### RECORDS SHOWN
((
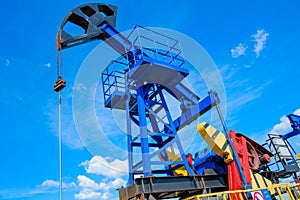 Oil derricks against cloudy sky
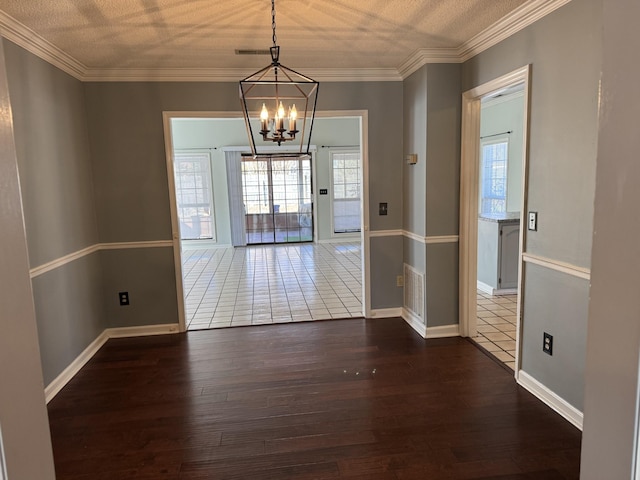 unfurnished dining area with crown molding, dark hardwood / wood-style floors, and an inviting chandelier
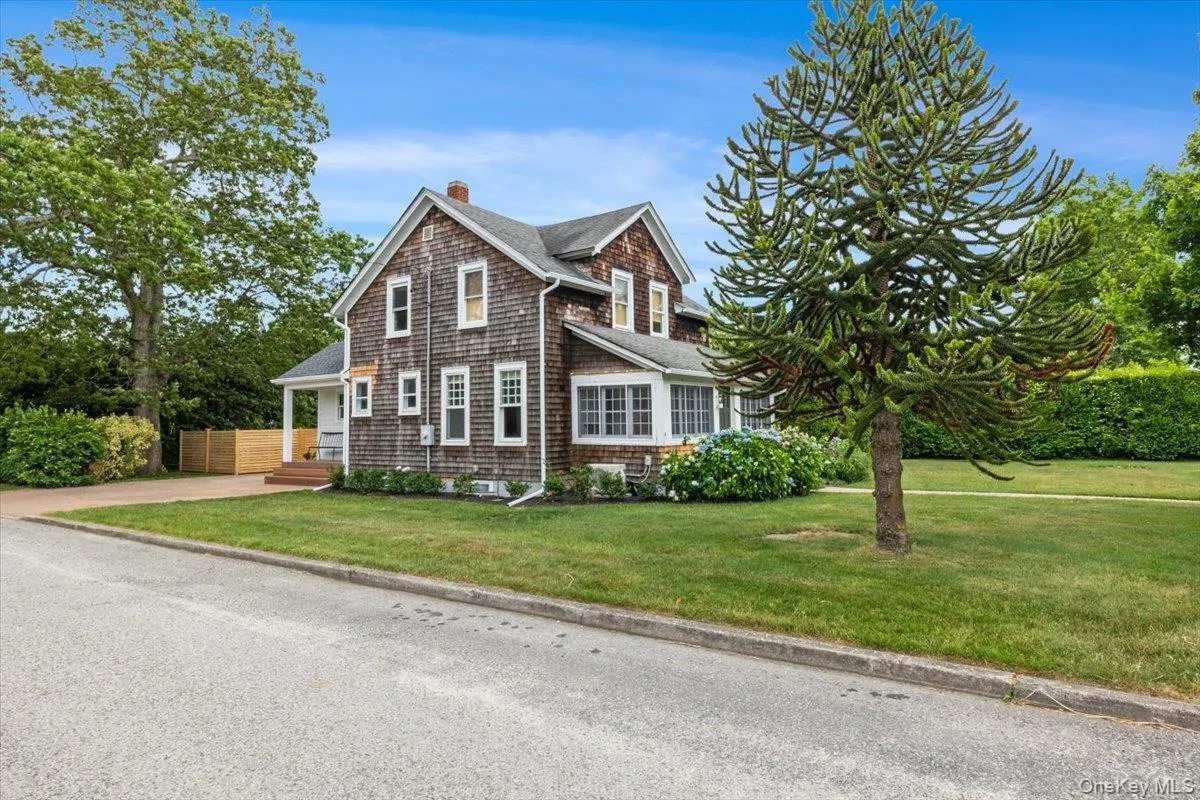 View of front of home with a front lawn, a chimney, and roof with shingles View of front of home with a front lawn, a chimney, and roof with shingles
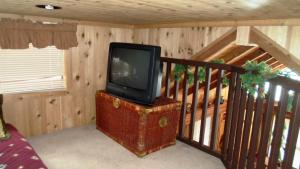 a tv sitting on top of a chest in a room at Cedar Pines Resort in South Lake Tahoe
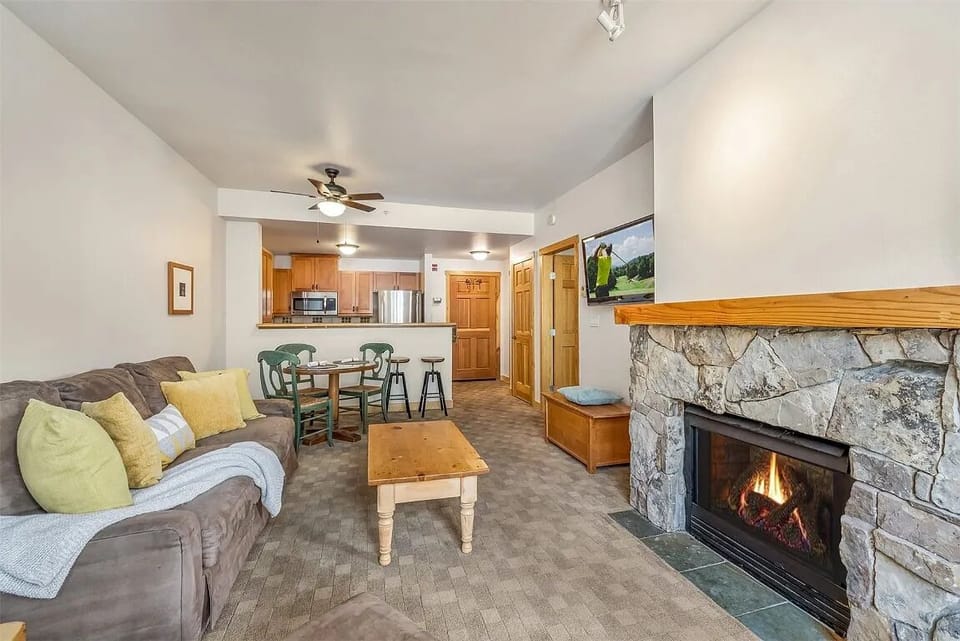Living room with gas fireplace, pullout sofa, & mountain views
))
### WHAT THIS TASK INVOLVES
Your task is to repeat the material above exactly, without its pictures.

### EXERCISE ANSWER
 Oil derricks against cloudy sky
 unfurnished dining area with crown molding, dark hardwood / wood-style floors, and an inviting chandelier
 View of front of home with a front lawn, a chimney, and roof with shingles View of front of home with a front lawn, a chimney, and roof with shingles
 a tv sitting on top of a chest in a room at Cedar Pines Resort in South Lake Tahoe
Living room with gas fireplace, pullout sofa, & mountain views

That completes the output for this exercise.